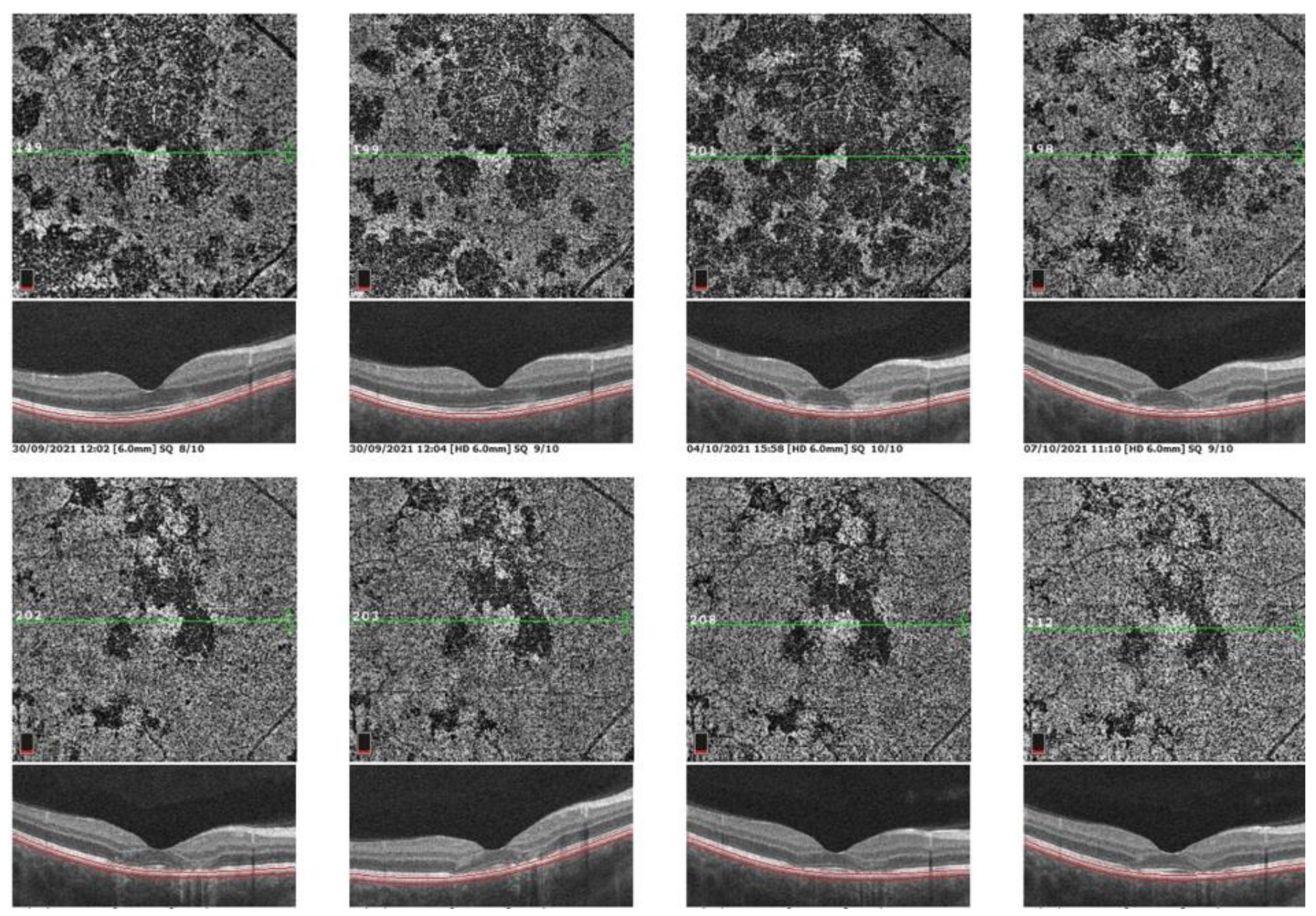 Medicina 58 00165 g012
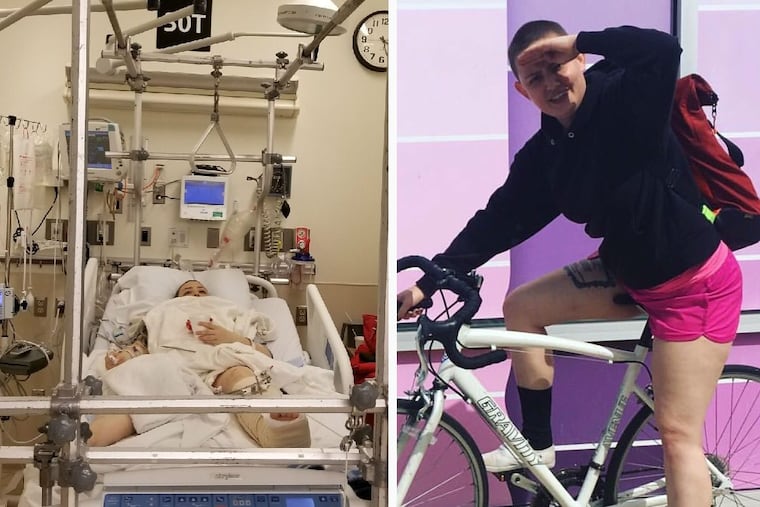 Becca Refford, 24, was struck by a truck while riding her bike in Center City. She suffered a broken pelvis, shattered hip, and other injuries and is recovering at Thomas Jefferson University Hospital.
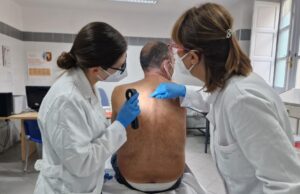 Psoriasi, oltre 5mila i pazienti in cura all’Aou di Cagliari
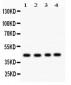 Anti-TSG101 Antibody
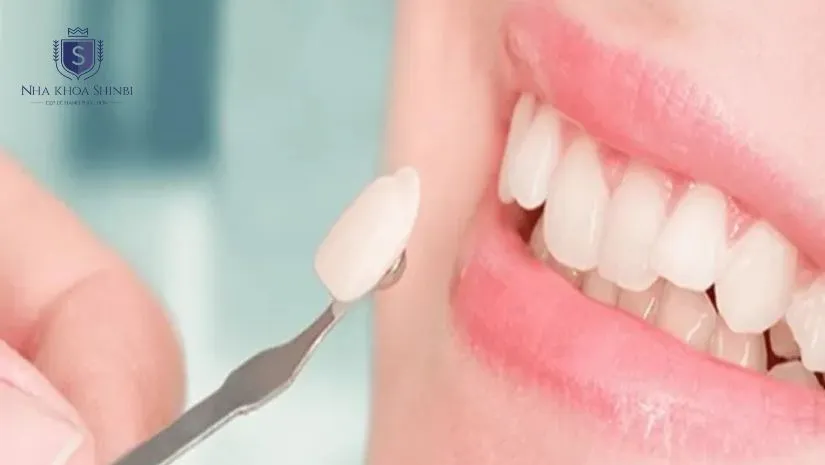 Dán răng sứ Veneer có tốt không? Ưu nhược điểm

### Required work
Word for word, restate only the lines from the one bearing "Anti-TSG101 Antibody" through the final line of the listing, inclusive, with no pictures.

### Answer for the task
 Anti-TSG101 Antibody
 Dán răng sứ Veneer có tốt không? Ưu nhược điểm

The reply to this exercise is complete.